WHAT THIS TASK INVOLVES: Could you set down exactly the lines of the data below, starting at the one that holds "Silver beaded friendship" and ending at the one that holds "泡立つ泡と氷を添えたアイス抹茶ラテ。", both included, and only those?
[[ PROVIDED ENTRIES, beginning ]]
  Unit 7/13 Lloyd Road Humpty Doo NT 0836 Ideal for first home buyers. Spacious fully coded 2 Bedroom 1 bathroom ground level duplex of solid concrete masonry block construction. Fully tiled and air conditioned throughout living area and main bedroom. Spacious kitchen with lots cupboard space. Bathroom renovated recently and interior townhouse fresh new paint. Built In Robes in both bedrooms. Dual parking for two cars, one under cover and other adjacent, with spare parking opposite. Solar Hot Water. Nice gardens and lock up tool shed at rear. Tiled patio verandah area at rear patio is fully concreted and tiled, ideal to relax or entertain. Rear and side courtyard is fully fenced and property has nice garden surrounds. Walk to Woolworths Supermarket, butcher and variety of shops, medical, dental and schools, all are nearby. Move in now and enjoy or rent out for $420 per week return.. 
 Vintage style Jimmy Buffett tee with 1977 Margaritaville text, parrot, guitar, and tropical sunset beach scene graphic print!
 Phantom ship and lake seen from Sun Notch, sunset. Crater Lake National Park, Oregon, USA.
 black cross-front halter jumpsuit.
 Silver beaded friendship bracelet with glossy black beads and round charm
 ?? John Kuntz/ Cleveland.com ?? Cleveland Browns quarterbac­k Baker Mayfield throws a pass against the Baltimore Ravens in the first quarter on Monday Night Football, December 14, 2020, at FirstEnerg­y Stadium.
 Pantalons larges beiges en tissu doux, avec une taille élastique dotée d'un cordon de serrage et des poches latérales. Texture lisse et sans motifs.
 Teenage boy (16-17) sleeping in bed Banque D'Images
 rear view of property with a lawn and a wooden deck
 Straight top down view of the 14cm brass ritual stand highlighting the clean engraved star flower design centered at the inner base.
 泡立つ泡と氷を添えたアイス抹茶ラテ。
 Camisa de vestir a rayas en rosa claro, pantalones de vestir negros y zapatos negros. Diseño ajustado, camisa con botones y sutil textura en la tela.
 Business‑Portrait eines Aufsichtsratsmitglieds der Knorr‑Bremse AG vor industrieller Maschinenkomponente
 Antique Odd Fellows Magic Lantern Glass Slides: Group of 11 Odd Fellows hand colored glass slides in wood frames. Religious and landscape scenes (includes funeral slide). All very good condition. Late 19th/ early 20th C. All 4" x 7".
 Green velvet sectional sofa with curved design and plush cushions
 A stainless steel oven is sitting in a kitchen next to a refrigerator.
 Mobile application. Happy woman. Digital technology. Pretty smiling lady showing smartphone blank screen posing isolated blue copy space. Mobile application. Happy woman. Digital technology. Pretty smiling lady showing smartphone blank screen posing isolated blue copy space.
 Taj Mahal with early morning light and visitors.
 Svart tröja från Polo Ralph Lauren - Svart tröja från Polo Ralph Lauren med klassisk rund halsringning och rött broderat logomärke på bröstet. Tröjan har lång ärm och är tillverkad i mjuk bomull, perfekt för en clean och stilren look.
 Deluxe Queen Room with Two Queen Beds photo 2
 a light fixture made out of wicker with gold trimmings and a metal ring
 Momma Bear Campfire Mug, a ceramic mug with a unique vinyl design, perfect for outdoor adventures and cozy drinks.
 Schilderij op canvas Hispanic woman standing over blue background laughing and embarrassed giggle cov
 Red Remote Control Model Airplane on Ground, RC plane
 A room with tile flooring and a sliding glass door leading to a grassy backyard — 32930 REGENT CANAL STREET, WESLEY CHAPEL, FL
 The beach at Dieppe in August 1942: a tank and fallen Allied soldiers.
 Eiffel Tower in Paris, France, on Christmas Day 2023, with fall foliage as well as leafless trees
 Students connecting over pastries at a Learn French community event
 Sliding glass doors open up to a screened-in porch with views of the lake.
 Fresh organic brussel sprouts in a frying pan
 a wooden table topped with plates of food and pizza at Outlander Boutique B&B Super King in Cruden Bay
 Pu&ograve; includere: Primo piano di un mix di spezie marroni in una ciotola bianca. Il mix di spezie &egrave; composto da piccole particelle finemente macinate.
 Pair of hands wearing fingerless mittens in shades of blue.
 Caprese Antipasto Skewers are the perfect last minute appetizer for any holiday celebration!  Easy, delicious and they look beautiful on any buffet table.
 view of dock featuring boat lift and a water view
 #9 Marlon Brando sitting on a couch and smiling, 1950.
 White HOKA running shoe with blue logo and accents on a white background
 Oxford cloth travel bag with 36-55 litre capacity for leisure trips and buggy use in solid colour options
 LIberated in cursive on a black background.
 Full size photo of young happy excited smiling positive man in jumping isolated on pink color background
[[ PROVIDED ENTRIES, end ]]
WRITTEN ANSWER:
 Silver beaded friendship bracelet with glossy black beads and round charm
 ?? John Kuntz/ Cleveland.com ?? Cleveland Browns quarterbac­k Baker Mayfield throws a pass against the Baltimore Ravens in the first quarter on Monday Night Football, December 14, 2020, at FirstEnerg­y Stadium.
 Pantalons larges beiges en tissu doux, avec une taille élastique dotée d'un cordon de serrage et des poches latérales. Texture lisse et sans motifs.
 Teenage boy (16-17) sleeping in bed Banque D'Images
 rear view of property with a lawn and a wooden deck
 Straight top down view of the 14cm brass ritual stand highlighting the clean engraved star flower design centered at the inner base.
 泡立つ泡と氷を添えたアイス抹茶ラテ。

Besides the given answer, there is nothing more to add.